## WORK TASK
No pictures should be carried over. Output all other parts of the entries verbatim.

Saved entries
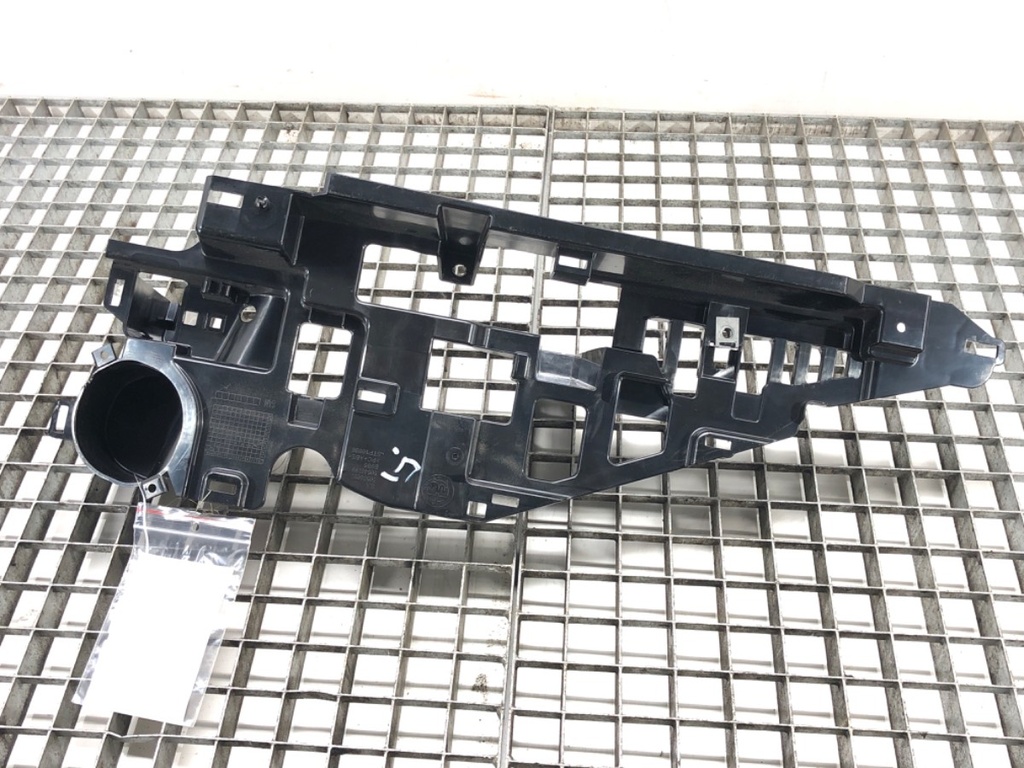 [STARK-642548] Deslizador de parachoques trasero derecho ALFA ROMEO STELVIO (949_) 2016-2022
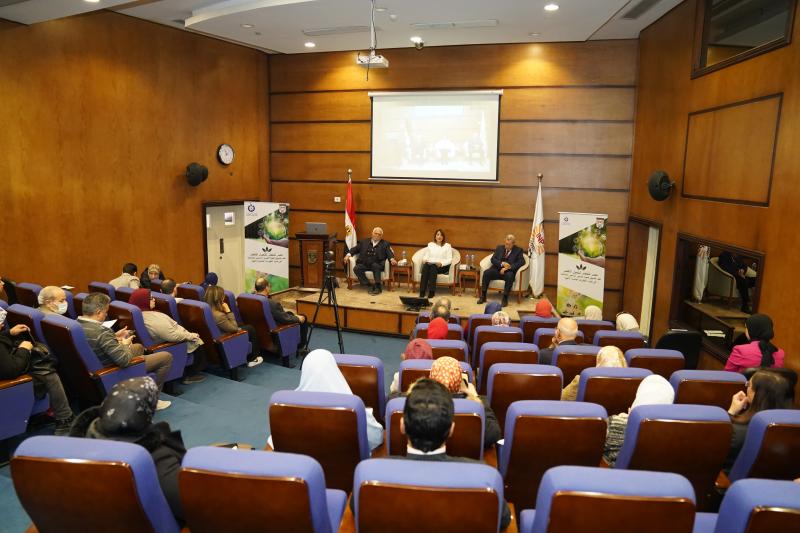 معهد التخطيط القومي يعقد ندوة توعوية حول ”التحول الأخضر في مصر: الفرص والتحديات” بالتعاون مع أكاديمية البحث العلمي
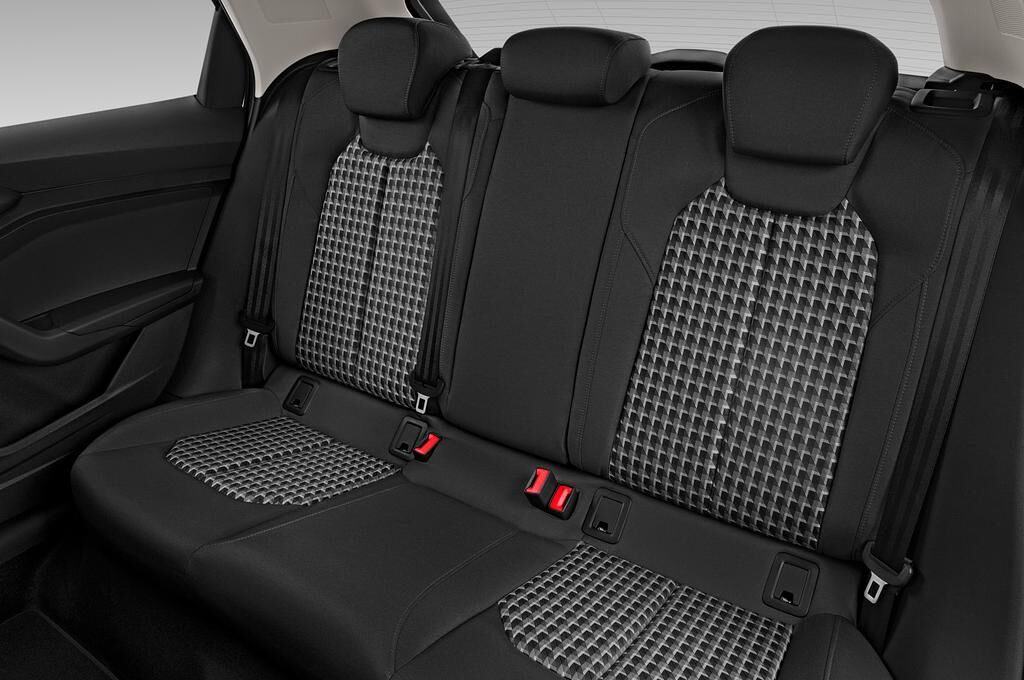 Audi A1 Citycarver (Baujahr 2020) Basis 5 Türen Rücksitze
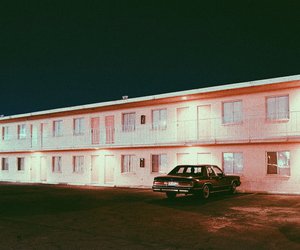 21 images de motel aesthetic sur We Heart It | Voir plus de motel, aesthetic et grunge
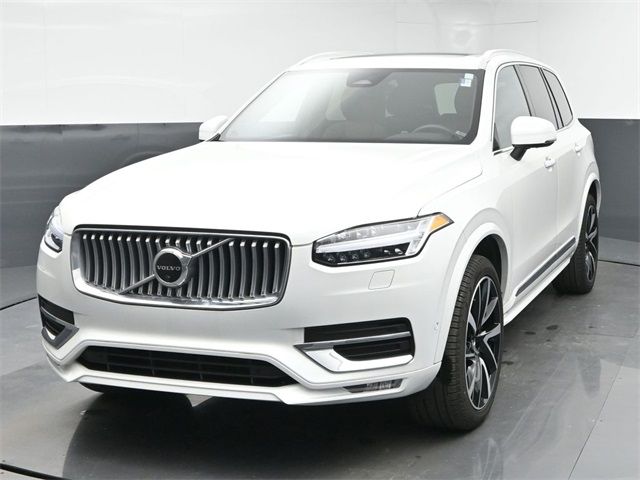 2023 Volvo XC90 Plus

## OUTPUT BELOW
 [STARK-642548] Deslizador de parachoques trasero derecho ALFA ROMEO STELVIO (949_) 2016-2022
 معهد التخطيط القومي يعقد ندوة توعوية حول ”التحول الأخضر في مصر: الفرص والتحديات” بالتعاون مع أكاديمية البحث العلمي
 Audi A1 Citycarver (Baujahr 2020) Basis 5 Türen Rücksitze
 21 images de motel aesthetic sur We Heart It | Voir plus de motel, aesthetic et grunge
 2023 Volvo XC90 Plus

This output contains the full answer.